Lets start at the top. Judgment is at it’s core an action-RPG-Beat em’ up. You play as private investigator Tak (Takayuki Yagami) who, through circumstances, gets involved into looking into a murder of a Yakuza member who ends up dead with their eyeballs cut out. That is the start of the whole story and eventually leads to Tak researching drug companies, city council members, other Yakuza families, etc. Much like previous Yakuza games, the plot and everything that it entails is told over multiple chapters that have far reaching effects. But we can dive into the plot more later and trust me there is a lot to get to there.

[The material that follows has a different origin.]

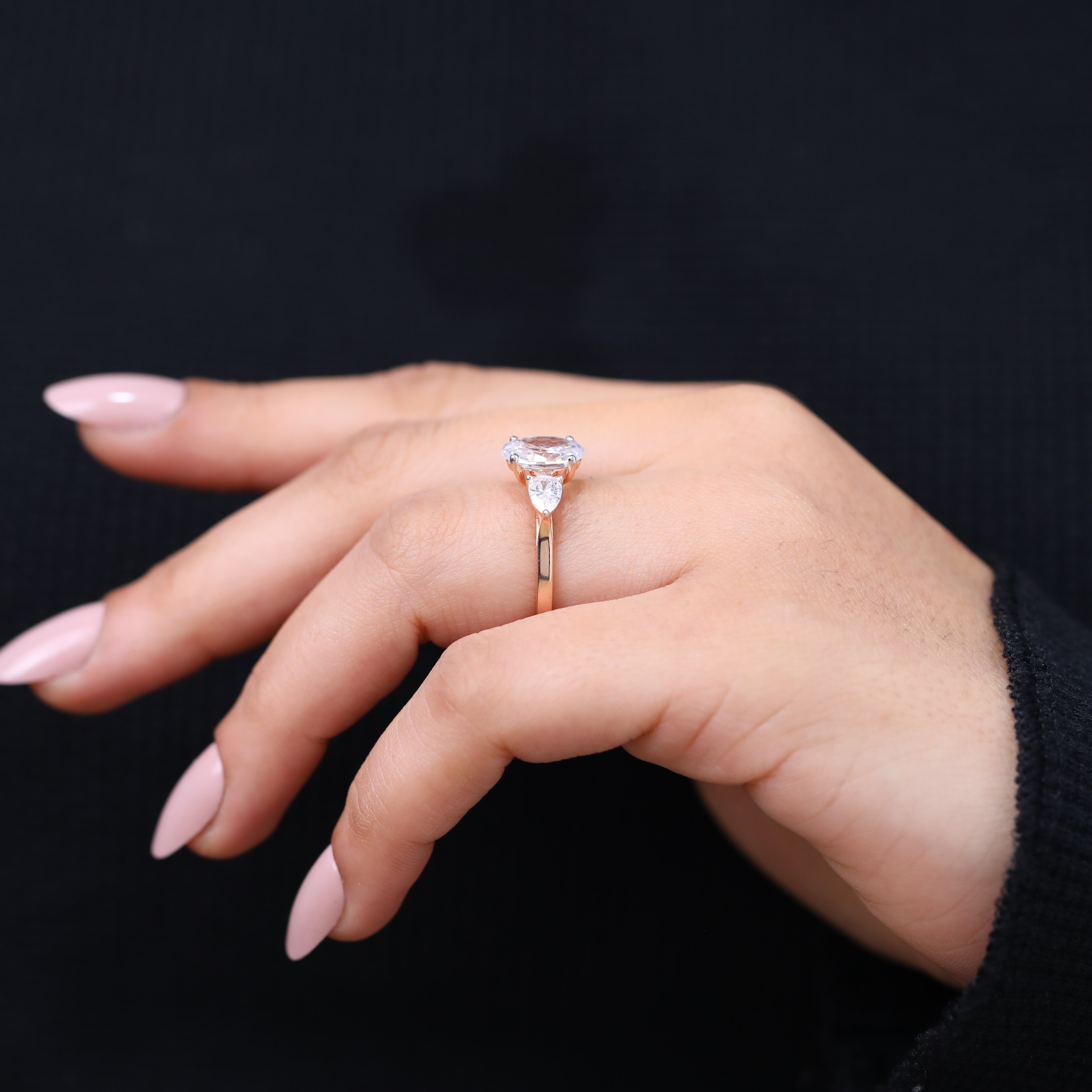 Oval shaped lab grown diamond engagement ring with pear sides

However your moment to moment in this game is not just watching cutscenes, you walk Tak through a very familiar Kamurocho (if you have played early Yakuza games) getting into street fights with local thugs and other street ruffians as you make your way to different objectives whether they are side quests or main quest lines. Like in other Yakuza games, you can stop at restaurants, bars, arcades, and other spots along the way if you want to explore everything the city has to offer. Whether this is your first game or your 7 game visiting Kamurocho, it is always exciting to just exist in a world that seems to be living and breathing. Pedestrians walk through the city streets, cars drive by, barkers stand outside shops trying to get people to come inside. Restaurants and bars have their own patrons having dinner or grabbing drinks, arcades have the sounds of machines in the background going off, and it is all just a spectacle to behold. Fights start right in the street and people gather around to watch, people react to you running into them, standing on top of a car will have people stop, stare, and record you on their phones. You can sometimes see their thoughts or hear their conversations on the street, and it’s nothing really groundbreaking, but it again just makes it feel more alive. These pedestrians don’t impact the gameplay at all, but its just a nice addition to making the game feel like its own world.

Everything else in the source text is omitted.